(What the task requires):
Only the lines from the one with "New 2026 Jeep" through the end of the material are wanted, copied exactly and with the pictures left out.

(Given information):
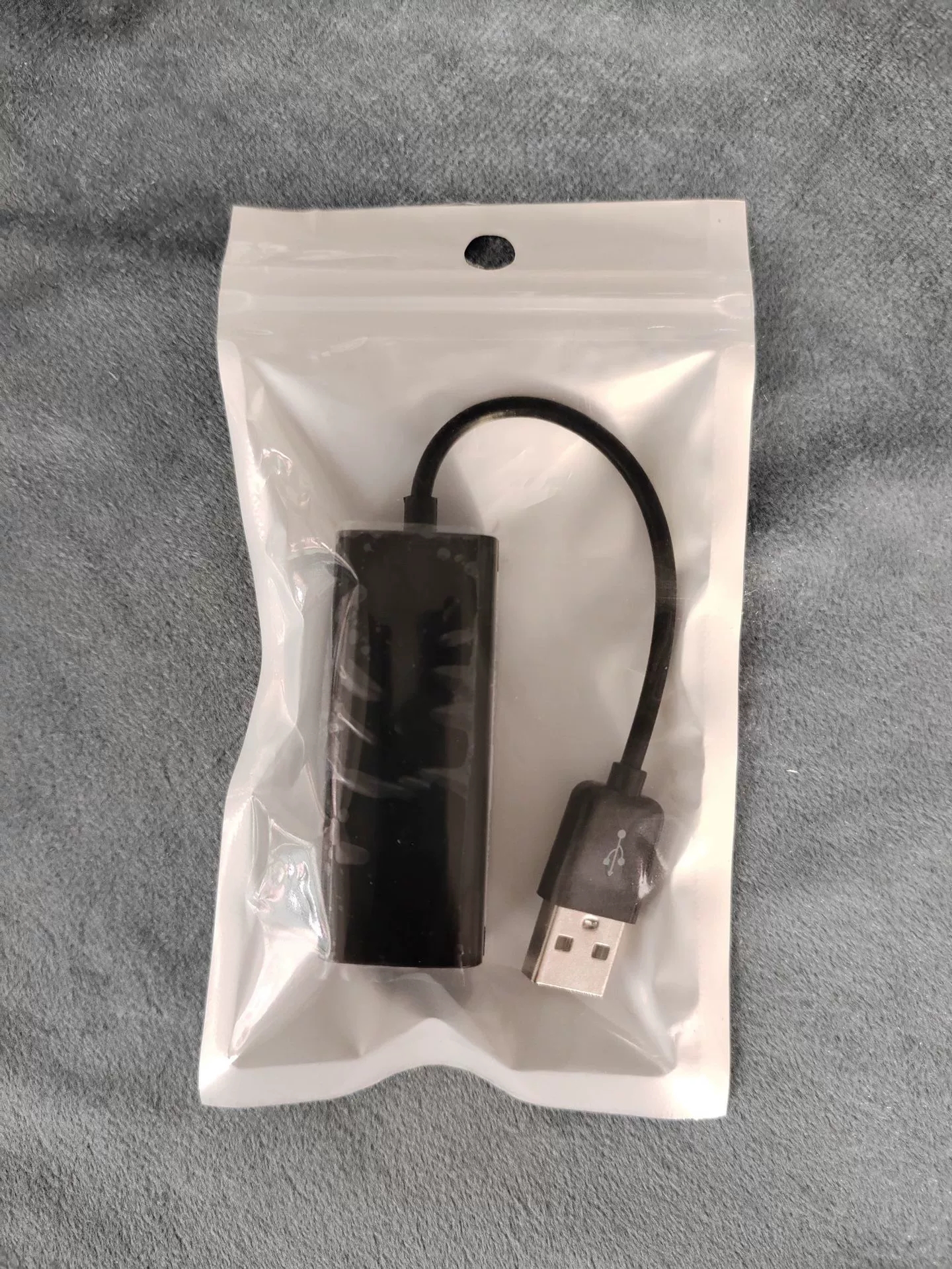 Port USB noir avec sac d'opp
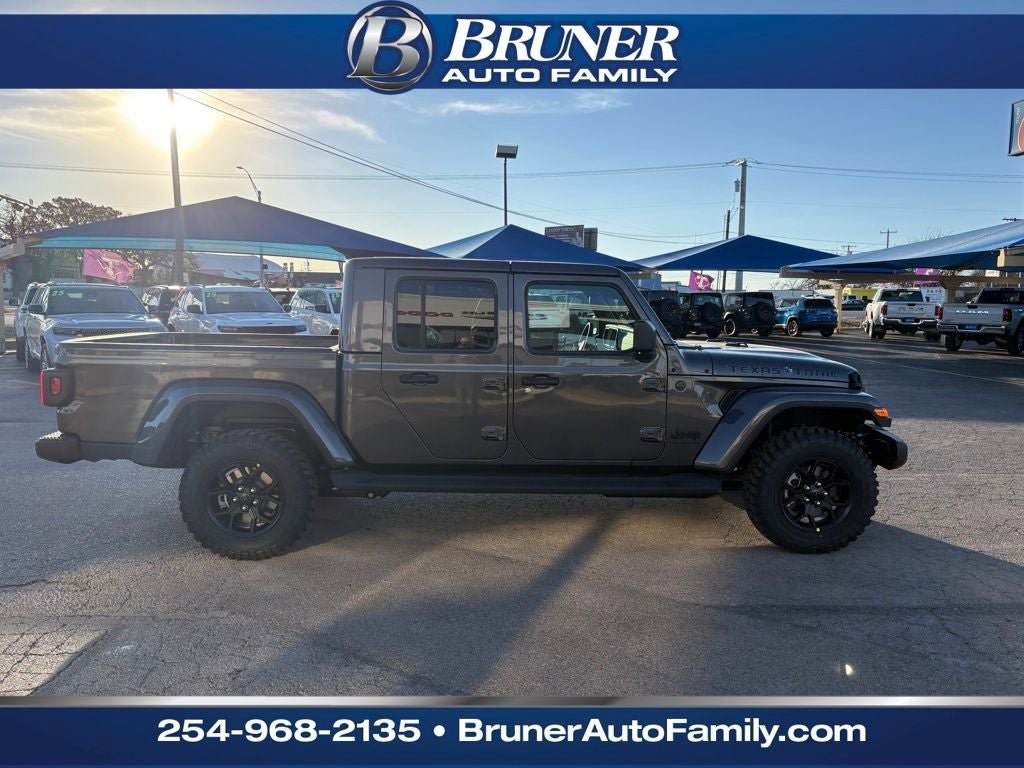 New 2026 Jeep Gladiator Sport AWD/4WD image 4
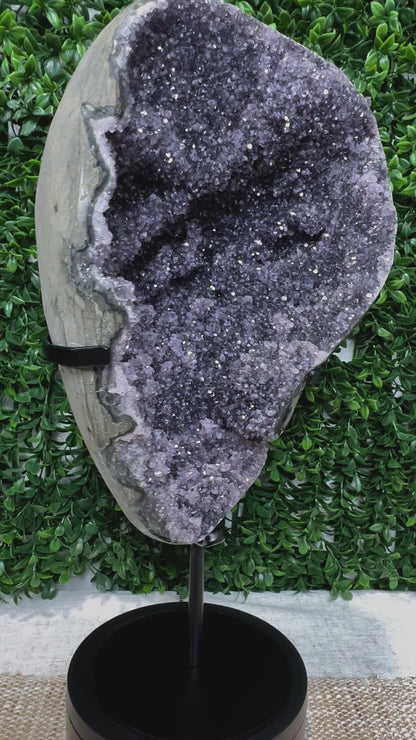 Druzy Amethyst Statement Piece W/Stand (1)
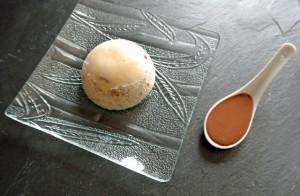 Nougat glacé, servez avec une sauce au chocolat Nougat glacé, servez avec une sauce au chocolat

(Output of the task):
 New 2026 Jeep Gladiator Sport AWD/4WD image 4
 Druzy Amethyst Statement Piece W/Stand (1)
 Nougat glacé, servez avec une sauce au chocolat Nougat glacé, servez avec une sauce au chocolat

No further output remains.